Once the line holding "학교 앞 30km/h" appears, repeat it and each line after it to the end of the data, exactly and with nothing else; pictures stay out.

++++ PROVIDED RECORDS ++++

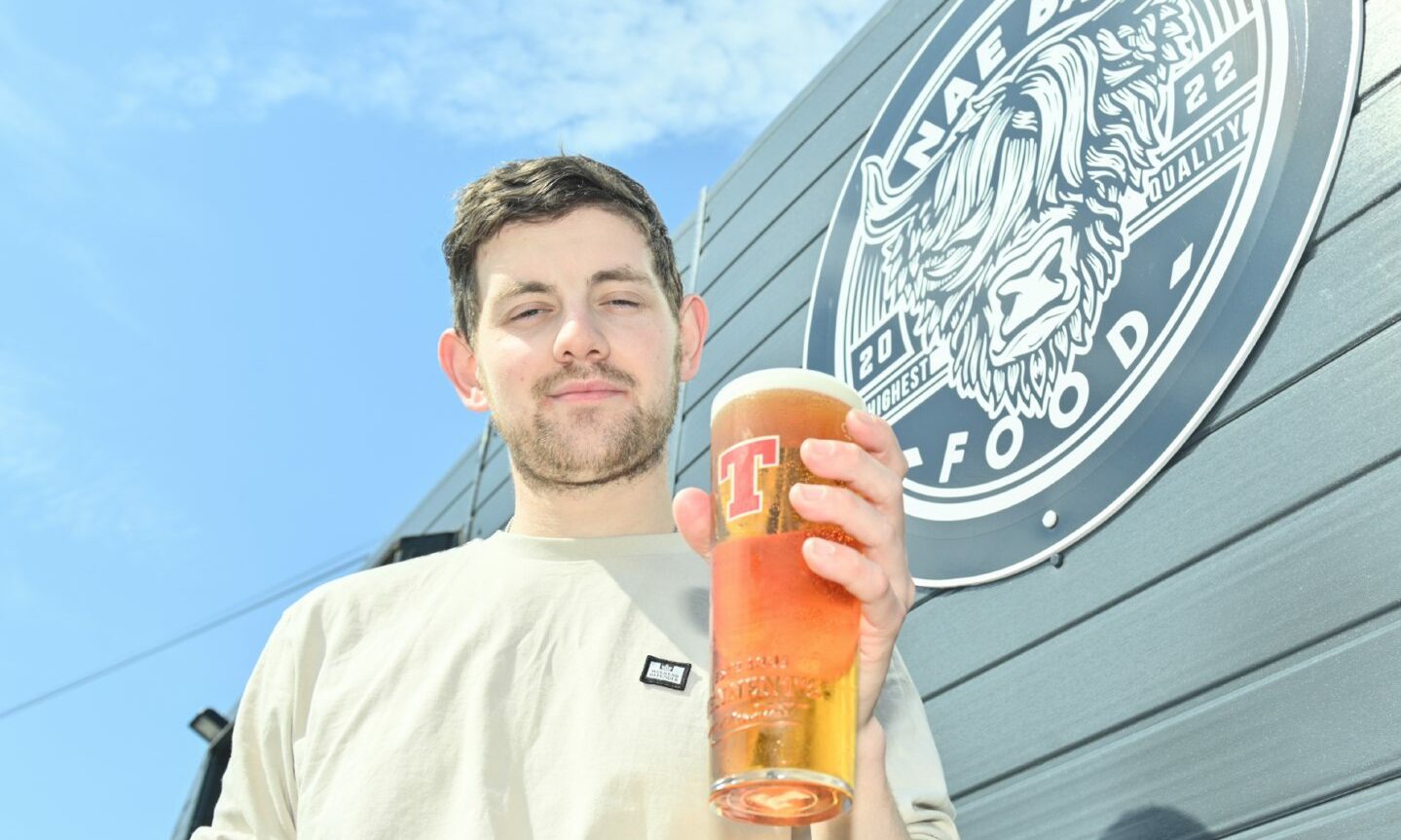 Danny Grant holding a pint of Tennent's in front of the Nae Bad Food food caravan. 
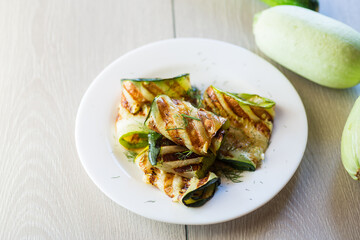 Grilled zucchini pieces with garlic sauce in a white plate.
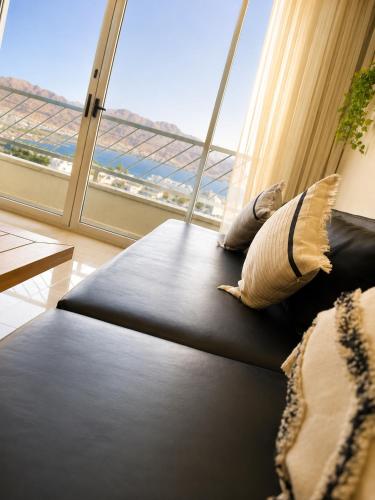 a black couch in a room with a large window at Milano Suite in Lev Eilat in Eilat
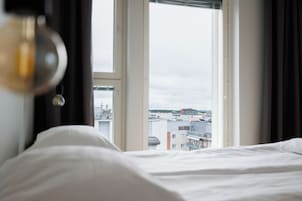Una cama con ropa blanca, vista de edificios a través de una ventana y una lámpara colgante.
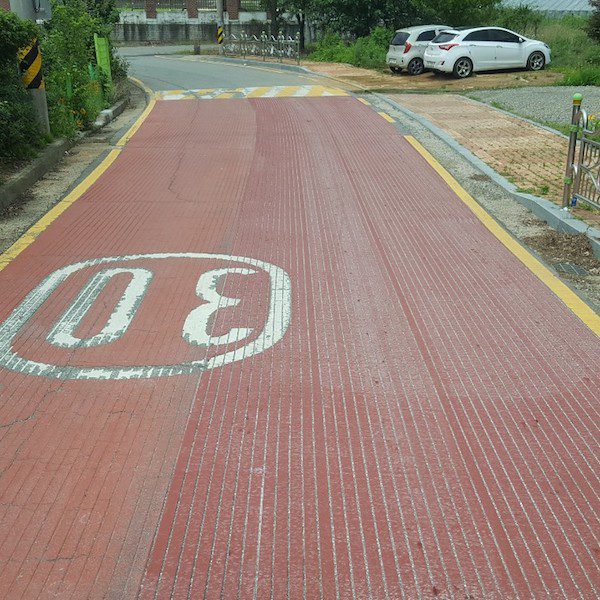 학교 앞 30km/h 제한 구간의 적색 미끄럼 방지 포장 위에 시공된 종방향 그루빙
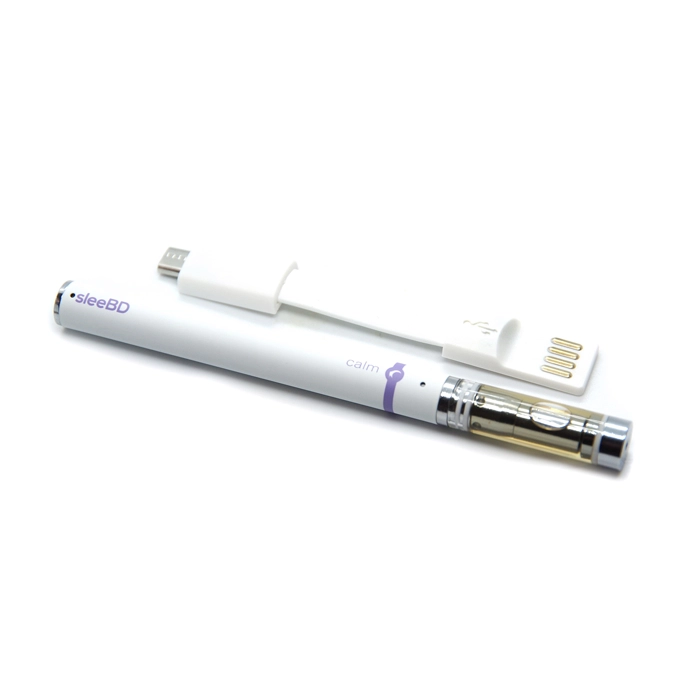 SleeBD Calm Full Spectrum CBD Vape pen placed alongside its USB charger. The sleek white pen is labeled "calm" with lavender detailing, and the cartridge is filled with the CBD oil, ready for use.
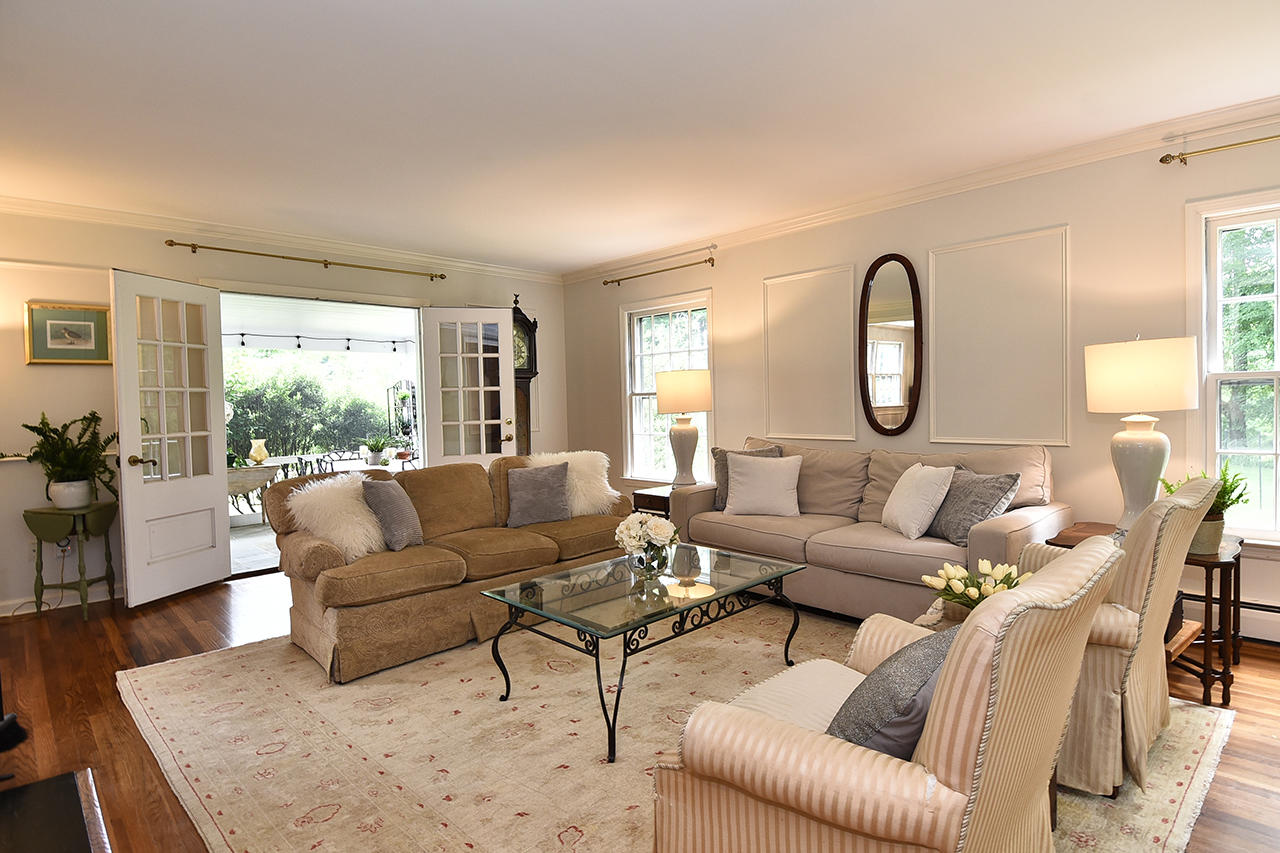 22 Country Club Road New Canaan, CT 06840 - Photo 7 of 47 a living room with furniture fireplace and a large window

++++

THE ANSWER:
 학교 앞 30km/h 제한 구간의 적색 미끄럼 방지 포장 위에 시공된 종방향 그루빙
 SleeBD Calm Full Spectrum CBD Vape pen placed alongside its USB charger. The sleek white pen is labeled "calm" with lavender detailing, and the cartridge is filled with the CBD oil, ready for use.
 22 Country Club Road New Canaan, CT 06840 - Photo 7 of 47 a living room with furniture fireplace and a large window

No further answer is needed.